Download Data

In order to complete this lab, please download data from here. Create a folder sample_data inside your current directory and upload all the data files (data0.csv, etc.) to this folder. Now you are all set up for completing this lab!

Part 1. KMeans with CPU

Q1. Read the five provided datasets

Read the five provided datasets (data{0, 1, 2, 3, 4}.csv) using pandas.read_csv() and save the data to pandas.DataFrame variables. Additionally, measure the time taken to read each dataset for later use. You can use time() function to measure running time.

Q2. Perform KMeans implemented in sklearn

Run KMeans clustering with sklearn.cluster.KMeans. Measure the running time foor KMeans on each dataset.

Part 2. KMeans with GPU

Q3. Read datasets with cuDF

Read the five datasets with cudf.read_csv() function in cuDF library and save the data into cudf.DataFrame variables. Additionally, measure the time taken to read each dataset for later use.

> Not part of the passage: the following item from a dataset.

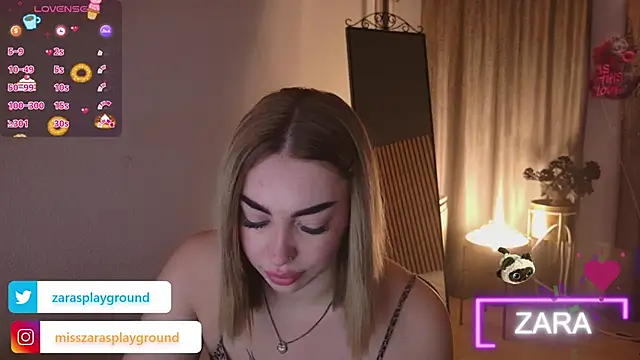Snapshot of ZarasPlayground chatting on 20, 4, 2026 ZarasPlayground online show from 20, 4, 2026
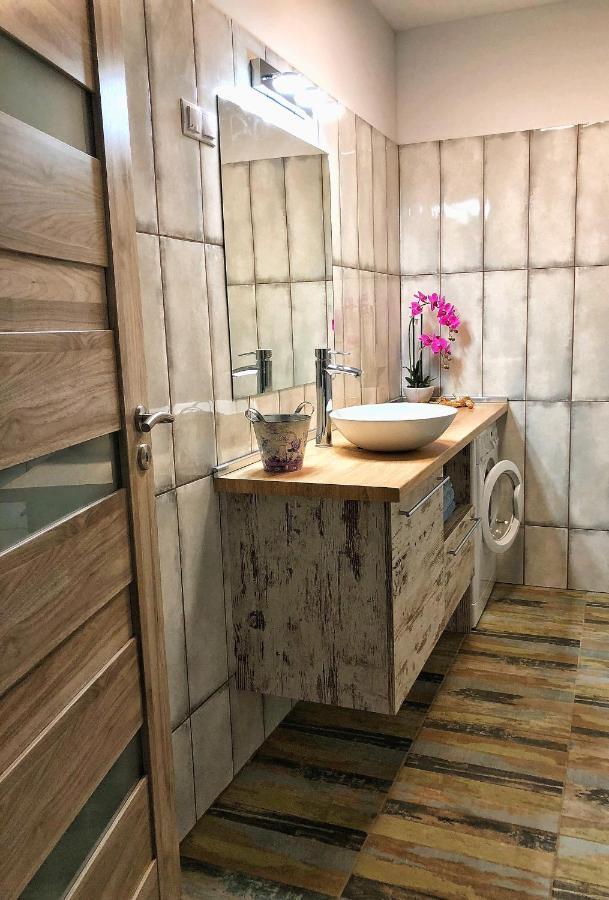 Moment Apartments Сольнок Екстер'єр фото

Q4. Perform KMeans implemented in cuML

Perform KMeans clustering implemented in cuML. Measure the running time for KMeans on each dataset.

Part 3. Plot the values

Now that we have performed K-means with both sklearn and cuML, we can clearly see that there is a huge difference in the time taken in both cases. Let us plot these values to see if we can find a trend!